WASHINGTON — Today, the White House, National Oceanic and Atmospheric Administration (NOAA) and the National Aeronautics and Space Administration (NASA) are hosting an event on the topic of climate change. Various technology companies, scientists, and other climate experts will meet to discuss the possible impacts of climate change and announce data-driven technologies to build products and services to better prepare our Nation for those impacts.
Commenting on this event, which will include John Podesta, Counselor to the President, among others, Bob Dinneen, President and CEO of the Renewable Fuels Association, highlights the Renewable Fuel Standard (RFS) as a vital piece of any plan to reduce greenhouse gas (GHG) emissions and curb future climate change:
“Today’s meeting is about finding successful ways to address climate change, including the use of data to help limit future impacts. That makes sense and the effort should be applauded. But it should be noted that the single most effective program this Nation has for reducing GHG emissions is the RFS. Last year alone, the use of biofuels like ethanol and the RFS reduced CO2-equivalent GHG emissions from transportation by 37.9 million metric tons. That’s akin to removing 7.9 million cars from the road for an entire year.”
Dinneen continued, “A recent Life Cycle Associates study found that corn ethanol reduces GHG emissions by 32% compared to petroleum in 2012, including hypothetical land use change emissions.
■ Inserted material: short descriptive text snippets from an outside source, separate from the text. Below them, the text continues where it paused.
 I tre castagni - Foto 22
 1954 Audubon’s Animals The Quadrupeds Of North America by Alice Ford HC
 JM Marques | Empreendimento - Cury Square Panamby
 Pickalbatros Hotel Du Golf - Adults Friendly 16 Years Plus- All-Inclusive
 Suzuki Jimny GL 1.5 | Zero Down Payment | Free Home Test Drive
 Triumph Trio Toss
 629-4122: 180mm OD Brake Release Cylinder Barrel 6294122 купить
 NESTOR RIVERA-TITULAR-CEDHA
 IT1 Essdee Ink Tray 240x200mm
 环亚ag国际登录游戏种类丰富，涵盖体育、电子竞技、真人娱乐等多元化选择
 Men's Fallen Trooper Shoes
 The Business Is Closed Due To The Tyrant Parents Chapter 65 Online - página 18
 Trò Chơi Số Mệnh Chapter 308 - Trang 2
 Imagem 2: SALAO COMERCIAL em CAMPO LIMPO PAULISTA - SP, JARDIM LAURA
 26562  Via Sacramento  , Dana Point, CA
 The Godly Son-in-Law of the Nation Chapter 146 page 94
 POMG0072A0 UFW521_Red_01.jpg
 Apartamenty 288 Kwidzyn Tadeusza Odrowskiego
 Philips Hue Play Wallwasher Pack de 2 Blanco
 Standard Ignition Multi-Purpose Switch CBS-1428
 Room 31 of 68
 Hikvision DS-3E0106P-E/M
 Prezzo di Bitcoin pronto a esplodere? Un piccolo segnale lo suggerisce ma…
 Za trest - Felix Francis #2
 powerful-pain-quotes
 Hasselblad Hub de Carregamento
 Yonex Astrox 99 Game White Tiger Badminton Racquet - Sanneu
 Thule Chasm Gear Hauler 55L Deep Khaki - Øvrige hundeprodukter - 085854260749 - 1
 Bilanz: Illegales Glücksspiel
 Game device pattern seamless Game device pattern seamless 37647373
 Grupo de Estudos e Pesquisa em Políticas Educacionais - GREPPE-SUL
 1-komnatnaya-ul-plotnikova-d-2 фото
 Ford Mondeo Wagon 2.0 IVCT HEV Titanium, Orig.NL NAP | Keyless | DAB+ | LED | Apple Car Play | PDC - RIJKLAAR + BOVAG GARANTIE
The same study found that corn ethanol reduces GHG emissions by 37-40% compared to tight oil from fracking and tar sands.
“Why then, is the Administration contemplating a reduction in the RFS? Why would the Administration scale back its most successful carbon program? Rolling back the RFS as proposed by the Environmental Protection Agency would INCREASE carbon emissions by some 3.7 million metric tons of CO2-equivalent GHG. That’s like adding 725,000 cars to the road overnight! Talking about climate change is one thing. But the Administration has the opportunity to do something about it by restoring the RFS to its statutorily mandated levels for carbon-reducing biofuels.”